While the program does still require that the nature of a person’s suffering be medical, the blurring of lines between medical suffering and poverty mean that many of those who choose MAiD are doing so for chiefly material rather than medical reasons. While inadequate housing is not officially a qualifying condition for euthanasia, several high-profile cases have involved exactly that. A disturbingly large portion of Canadians seem fine with this state of affairs, with a third saying they support euthanasia for the homeless, and a similar number agreeing with the availability of euthanasia for those whose “only affliction was poverty.”

These potential applications are more than a thought exercise or policy leakage, they’ve become drafted policy. Canada’s official MAiD policy was set to expand to those with mental health issues in March of 2024, allowing those with no underlying physical suffering to legally end their lives with the help of doctors.

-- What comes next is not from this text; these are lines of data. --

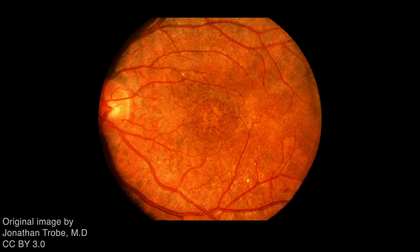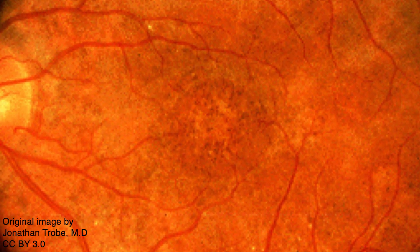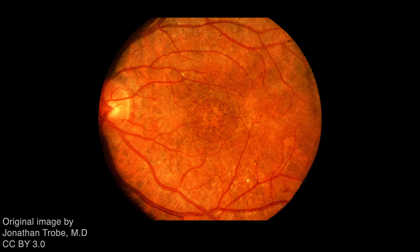This is a fundoscopic image taken from an individual with congenital rubella syndrome. The retina is speckled with punctuate hypopigmented and hyperpigmented spots. This appearance is referred to as salt and pepper retinopathy.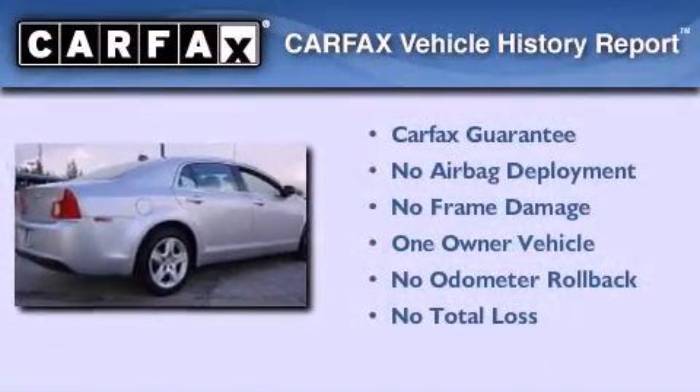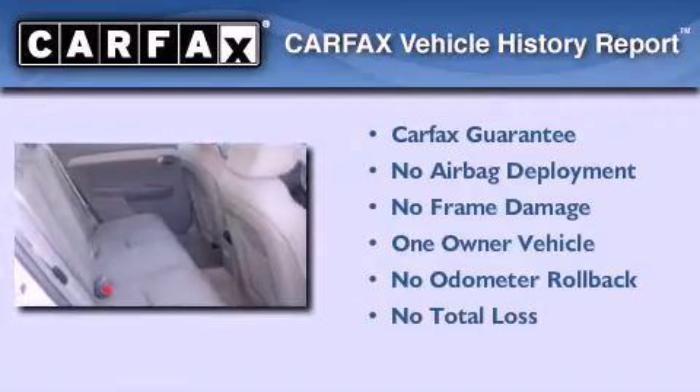This Chevrolet has had only one owner, and it qualifies for the Carfax buyback guarantee.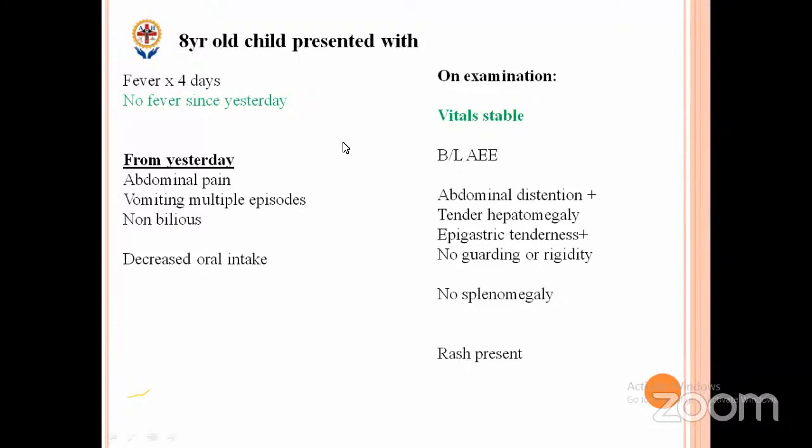Abdominal distension was there. Central hepatomegaly was there. There is replication tenderness as well, but there is no guarding or rigidity. And there is no splenomegaly as well. And there is a rash on the body which is blanchable.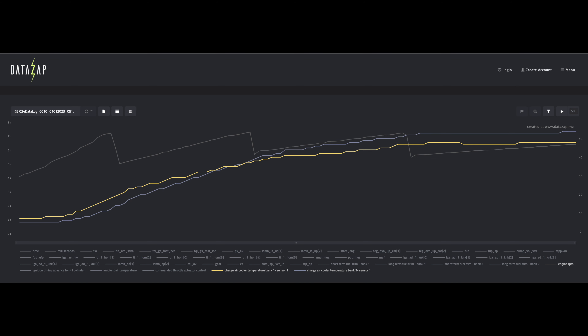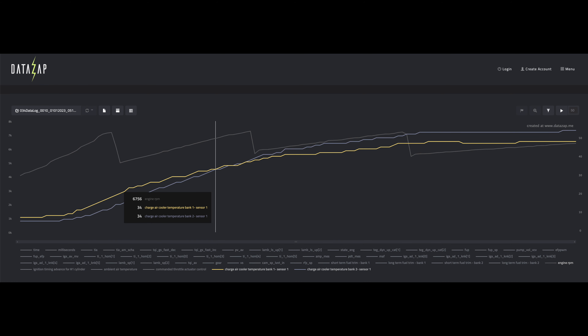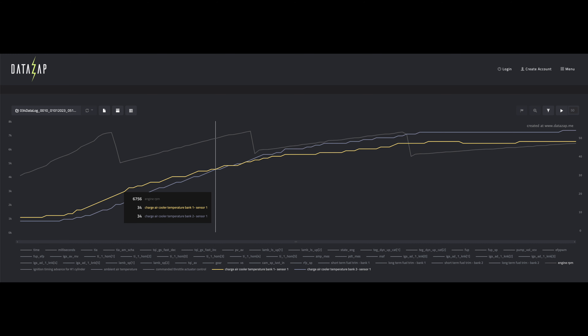I had logged that run, of course, because I log everything. And this is what I saw for IATs. I had a stock Maggie intercooler in bank one and the aftermarket performance intercooler in bank two. At the beginning of the pull, the aftermarket cooler was doing better than the stock cooler. Then near the top of third gear, the temperatures crossed over. But through fourth gear, the rate of temperature rise slowed down and both leveled off at the end of fourth and all of fifth gear — about a 5 or 6 degree Celsius difference between the two at the end.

Due in part to pushback from external groups, officials have delayed this expansion until 2027, when it would then allow euthanasia for those with conditions like PTSD, anorexia, depression, and anxiety to end their lives. Opposition to the expansion has largely come from disability rights activists who say that Canada is already pressuring the disabled into euthanasia to ease an already strained socialized health system. 

What many of these activists fail to recognize in their campaign for greater safeguards in MAiD is that the cost savings of MAiD are a feature, not a bug, of modern Canadian healthcare policy. Canada has already loudly cheered the millions saved in healthcare spending by euthanizing, rather than treating, Canadian patients, and is now similarly bragging about euthanasia’s ability to fill gaps in organ donations. Thanks to the non-terminal status of many MAiD recipients, euthanized Canadians now account for 6% of the country’s organ donations, a stat that some fear may actually incentivize euthanasia for those already looking for purpose to end their lives.

Some in Canada have even proposed following in the footsteps of Belgium and the Netherlands by expanding euthanasia to “mature minors” or even infants whose parents deem them unfit for life. Given Canada’s existing plans to expand MAiD to mental health issues, the potential for minors to qualify has many activists worried about impacts on an already fraught teen mental health landscape.

With their recent program expansion delays, policymakers in Canada seem intent on assuring the public that they have MAiD on a tight leash, but this control really only seeks to keep policy from outpacing public support. In fact, if there exists any rule for medical euthanasia programs, it’s that they all prove to be slippery slopes, as countries like Belgium and the Netherlands, which already allow euthanasia not only for mental health issues but also for infants and children, attest to. 

What continues to evade both policymakers and many activists alike, however, is this: the slippery slope is not actually the problem. The issue with MAiD is not its policy design, loopholes, or even its doomed incentive structure within a socialized healthcare system, all issues on which current conversations around the practice seem to be stuck. The issue with MAiD is its premise. Medical euthanasia presumes a technocratic approach to medicine, where human beings are analogized to cogs in a machine rather than seen as made in the image of God. The inevitable results of MAiD will be ever more ubiquitous violations of human dignity and an accelerating disregard for humanity that policy safeguards might delay but can never reign in.